- Born: 1973 (age 52–53) Tamworth, New Hampshire, United States
- Education: Pennsylvania Academy of Fine Arts, Philadelphia
- Known for: Painting, Sculpture

= Rosy Lamb =

Rosy Lamb (born 1973 in Tamworth, New Hampshire) is an expatriate American sculptor, painter and author living in Paris, France. She graduated from the Pennsylvania Academy of the Fine Arts, and became the assistante d'atelier of the sculptor Jean Cardot, before her work gained attention in its own right.

==Life==

Lamb was homeschooled by her parents, both artists, with her four siblings in New Hampshire. She entered the Pennsylvania Academy of the Fine Arts, from which she graduated with concentrations in sculpture and painting. During her undergraduate years, she also attended the Harvard Extension School intermittently.

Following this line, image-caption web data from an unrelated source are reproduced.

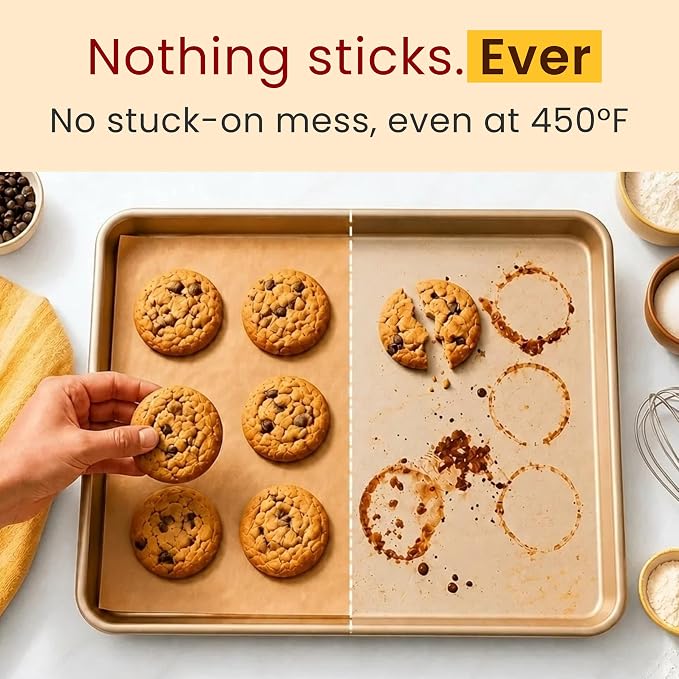 260 Sq.Ft Unbleached Parchment Paper for Baking - Roll with Cutter | Heavy Duty Non-Stick Brown for Cooking, Grilling, Steaming and Air Fryer, 15" x 210ft by Baker's Signature
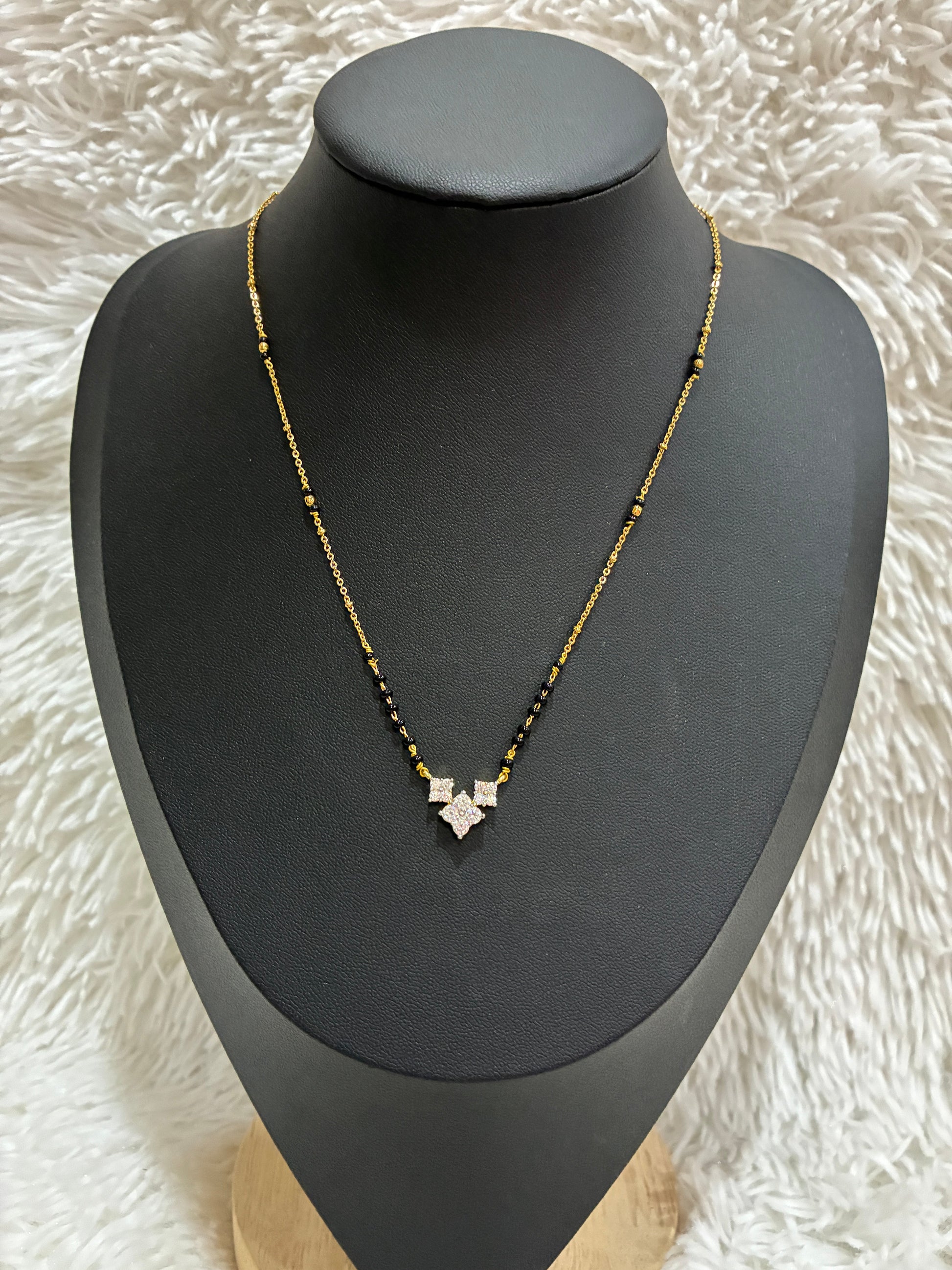 High Quality Micro gold plated chain with floral black bead chain Made4Madams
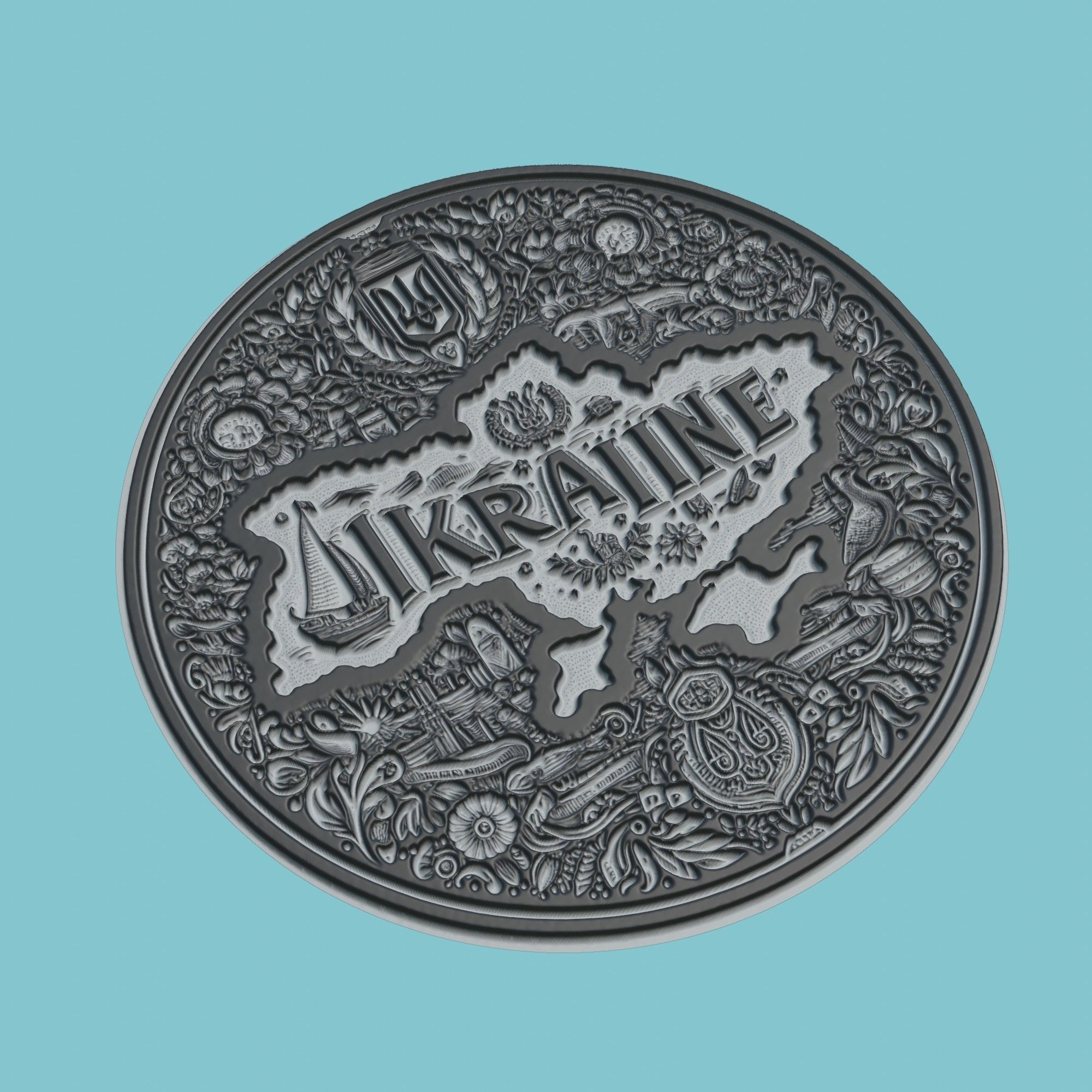 Ukraine Map Medallion Wall Art Printer 3D print model_1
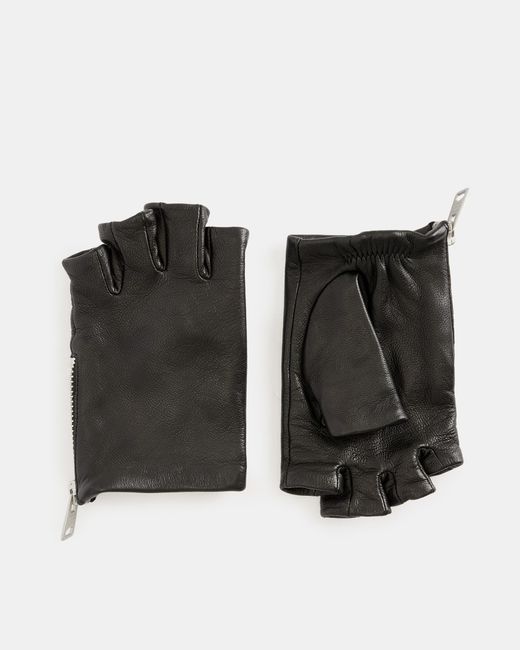 AllSaints Black Charly Leather Fingerless Gloves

She left Philadelphia for France in 2001, where she worked for the sculptor Jean Cardot. That move served as a springboard for Lamb's own work and international career.

==Career==

Lamb's art traces three axes -- drawings, painting and sculpture—which inevitably intersect. She draws in conté, charcoal and mixed media; she paints on linen or board, mixed media on plaster, or with watercolor; she sculpts in plaster, or bronze, or resin and mixed media on plaster.

In Europe, she has shown in the Luxembourg Garden, sponsored by the Sénat, or the French Senate. She exhibited a painting at the BP Portrait Award 2010 show at London's National Portrait Gallery. In the United States, she has had solo shows in Philadelphia, Boston and New Jersey.

She was awarded the George Coulin prize for sculpture by the Institut de France in 2002, and held an Artist in Residence fellowship at the Cité internationale des arts in Paris from 2001 to 2003.

In December 2013 she published a picture book, Paul Meets Bernadette, a simple story about two fish. This was achieved with the help of her father, Albert Lamb, also a picture book author. Kirkus Reviews described the book as a "lovely, debatably romantic ode in oils".